In 1996 the Rotterdam Conservatory released a CD of Cuban Contradanzas and Danzóns which quickly became for me, a longtime Cuban music enthusiast (I, II), part of my daily bread. The album was inspired by a concert by the Orquestra Típica, a folklore/ preservationist initiative, in Santiago de Cuba in 1994 which led the producers to search for sheet music of any 19th Century Contradanzas or Danzóns, of which they only found 28. The music, a precursor to both New Orleans and Afro-Cuban Jazz, introduces a slow, melancholy melody honed for full effect over centuries that becomes uptempo at the close.
The music most certainly comes from the "country dances" of Southwest France, with horns brought to what is now Haiti when Louis IV was persuaded in 1685 by his ardently Catholic mistress Françoise d'Aubigné to lift the Huguenot King Henri IV's 1598 Edict of Nantes, which had ended over 30 years of the Wars of Religion, prompting a Huguenot diaspora to far flung places in the world including what was then the colony of Saint-Domingue.
In the 11th Century, the patronage of the troubadours by Provençal nobility came when the region was loosely controlled by House of Barcelona, Catalan being more similar to the Provençal Occitan than French. Ezra Pound notes in Canto VIII how the first troubadour poetry is indebted to Arabic music from Moorish Spain. The Albigensian Crusades of the early 13th Century cut Provence off from Catalonia and caused troubadours to flee from the region in all directions.

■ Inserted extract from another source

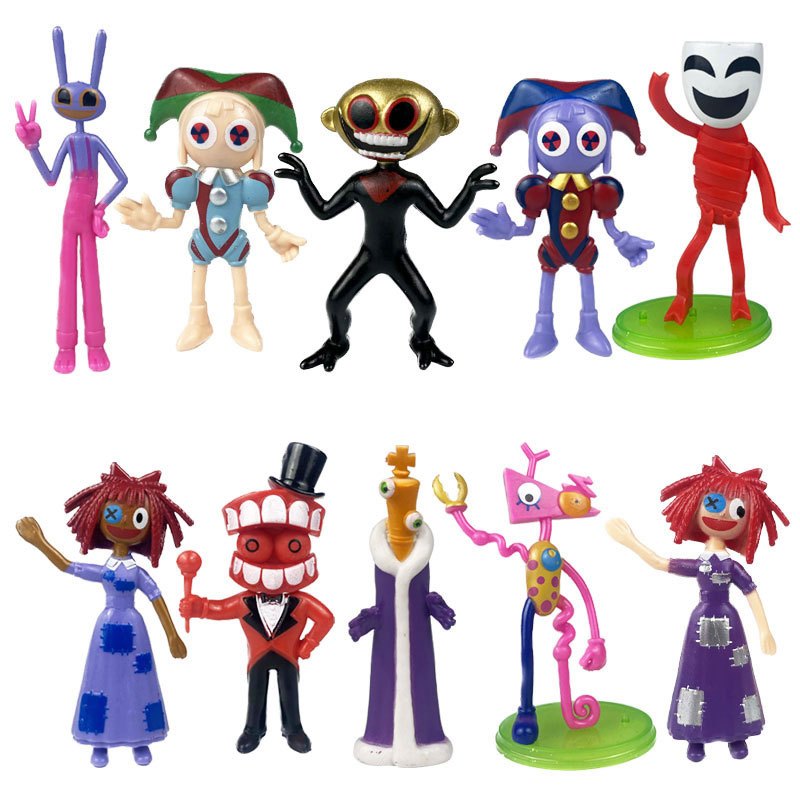 Jual Ready Stock Action Figure Amazing Digital Circus Pomni Jax Gangle ...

Sordello da Goito, who wrote in Occitan despite living in Mantua of Italy's Lombardy region, spent those years in Spain and Portugal along with many other troubadours. Dante had Virgil (also a Mantuan) bow to him (memorialized in stone in Trento, right)*, Browning penned about him the epic of which Pound would begin his Canto II "there is only one..", asking in the first published draft of Canto I "What's left for me to do?" Stuart McDougal wrote: "For H.J. Chaytor (whose works were well known to Pound), Sordello was an important poet largely because he represented a transitional stage between the Provençal and Tuscan views of love. In his poetry love has become 'rather a mystical idea than a direct affectation for a particular lady: the lover is swayed by a spiritual and intellectual ideal, and the motive of physical attraction recedes to the background. The cause of love, however, remains unchanged: love enters through the eyes; sight is delight.'" The theme of unrequited love in this verse of his was common for its time, and may have helped lay the thematic foundations for later genre of the region like Fado. ("If only it pleased her, with her consent,/ to grant me some hope of mercy from her,/ whate'er the pain which I may feel/ she'll hear from me no plaint.// Alas! What good are eyes to me/ if what I want they do not see?"):
Alfonso the Wise of Castile sponsored troubadours in exile, utilizing their techniques for religious music. The surviving manuscripts of the Cantigas de Santa Maria (1250), from his court, document a range of instruments found later in Huguenot Contradanzas, of which many were of Moorish origin, including early forms of trumpets, clarinets, and string instruments. The Huguenot Protestants arose in the 16th Century out of the influence of Luther and Calvin and disenchantment with French rule, forming strongholds in the Beaune region, East of the Basque region and North of Catalonia, as well as scattered towns like Bergerac, Montauban, Agen, and Figeac. It was around this time that Sardanas were believed to have been first performed in Catalonia, with instruments and melodies similar to the Contradanzas:
Relocated in what is now Haiti, the Huguenots came to lord over the colony's cultural life, and their instruments and compositions became popular amongst the African slaves who, to the delight of the Huguenots, added African-derived aspects to the rhythms, but between the slave insurrections of 1791 and the division of the country in 1807, all French settlers had to leave the island, and many relocated, along with their slaves, to Santiago de Cuba and New Orleans, leading to the popularity of Contradanzas in both places. Around the time of this migration, the first notations and records of Contradanzas are found in Santiago, with the first evidence of this music in New Orleans dating from the mid-19th Century, where in Congo Square Haitian Vodou drumming became a regular feature, its more sacred practice moving underground due to touristic attention until it was banned altogether by Louisiana's Black Codes. Maya Deren wrote how Vodou drumming is not improvised and that Haiti, also, banned the drumming in places due to anxiety about Vodou and possible rioting. Louisiana's ban may have been what severed the United States' historical link to the rhythm-keeping ensemble of Afro-Cuban percussion, paving the way for the solo, individualized styles of percussion that led to Blakey, Roach, Braxton, and Murray. The horn melodies of ragtime, however, that developed in New Orleans in the late 19th Century can be heard in Contradanzas.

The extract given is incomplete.